Gageons que les années et la maturité viendront à coup sûr gommer cet air de déjà-entendu qui imprègne ces compositions néanmoins ciselées à la manière d'une orfèvrerie qu'une tristesse inexorable cloue cependant au sol. Minée par des regrets que rien même le temps ne peut effacer, cette offrande déroule une trame d'une lenteur pesante, figée par le froid et une nuit blafarde. De rares titres, emportés par un tempo plus soutenu mais timide, tels ce 'Everyone's a Misanthrope' au pouls très rock ou 'Never Learn', entame pulsative du plus bel effet, viennent quelque peu briser cette linéarité qui pourtant, loin d'être fâcheuse, participe finalement de cette mélancolie insondable qui bouche l'horizon.

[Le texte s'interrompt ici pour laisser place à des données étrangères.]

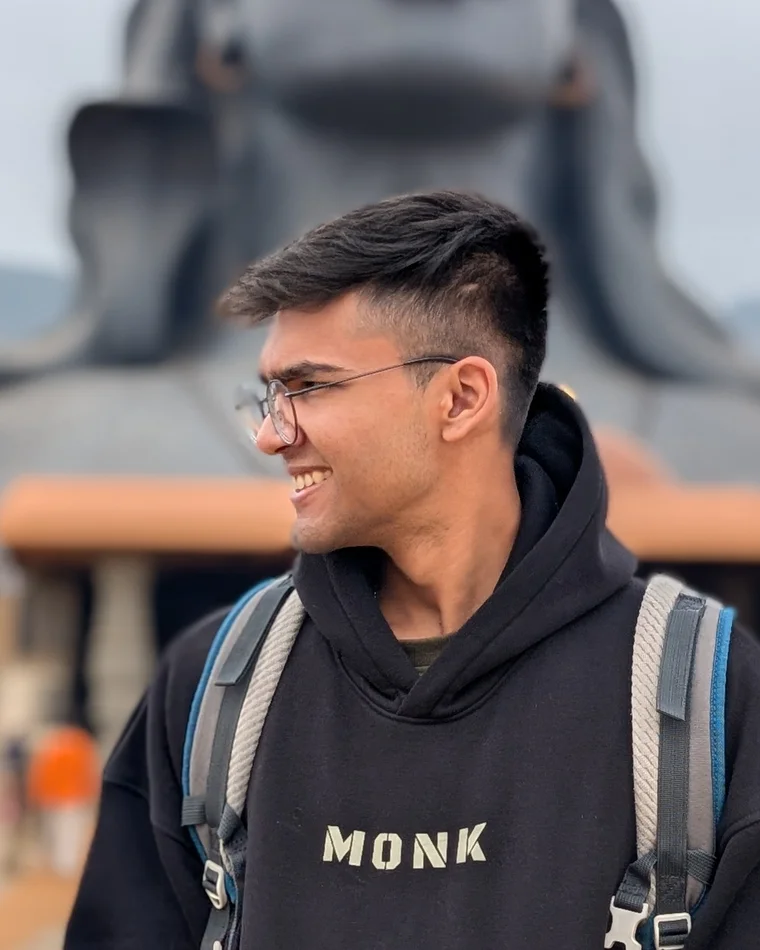 Ankit Keshari, laughing, looking away from the camera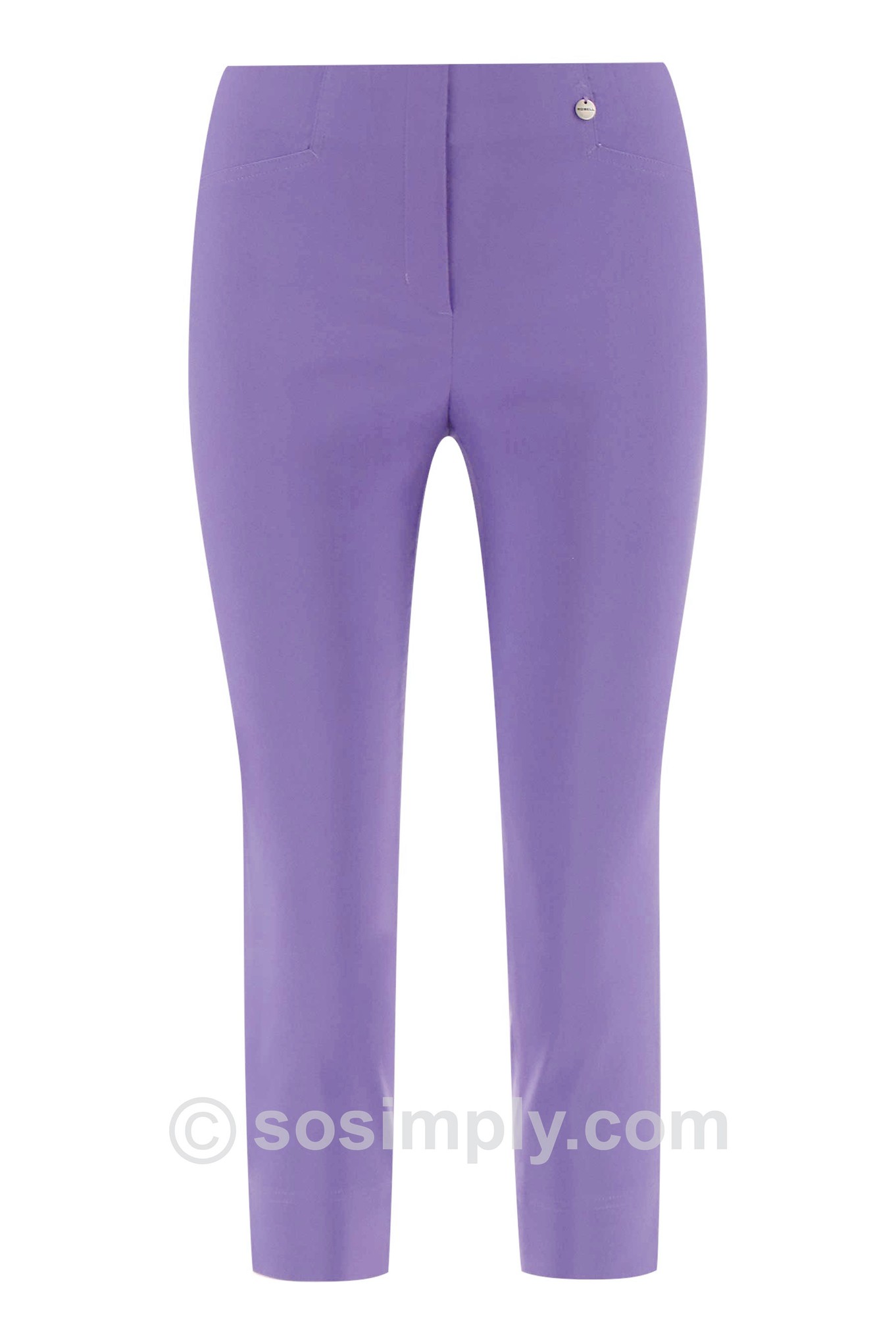 Robell Rose 07 Cropped Trousers English Lavender 523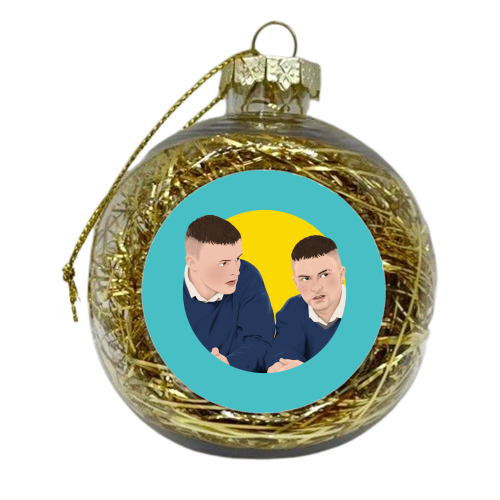 The Young Offenders - xmas bauble by Pink and Pip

Faussement monotone, "Legacy" trempe ses ambiances dans une palette en noir et blanc, vierge de couleurs lumineuses ou gaies, cathédrale de douleur dont le chant profond et déchirant de Viktor Klint ('War Is Coming') et les guitares entêtantes ('The Eating Fire', sans doute le morceau le plus sombre du lot et donc le plus réussi) ou plus nerveuses, constituent les principaux arc-boutants. Ecrit à l'encre noire du désespoir, chaque titre, au format calibré, se dévoile peu à peu, abritant des trésors d'écriture qui éclosent en un bouquet d'émotions contrites. Les mélodies glacées qui coulent dans les veines bleutées des 'Black Waters', 'Tell Them Not To Be Afraid' et autre 'Evil One', creusent de profonds stigmates dans la peau, rendant leur écoute puissamment addictive, quand bien même elles n'ont rien d'originales.
Proche de l'école dépressive finlandaise, celle de Sentenced notamment, les Suédois inoculent leur venin avec une science aiguisée du riff obsédant, de la note poignante qui fait mouche à tous les coups, qui touche en plein cœur. De fait, "Legacy" est une réalisation qu'il est difficile de prendre véritablement en défaut. Seules ses influences encore trop prégnantes l'empêchent de s'élever au niveau d'un très grand disque.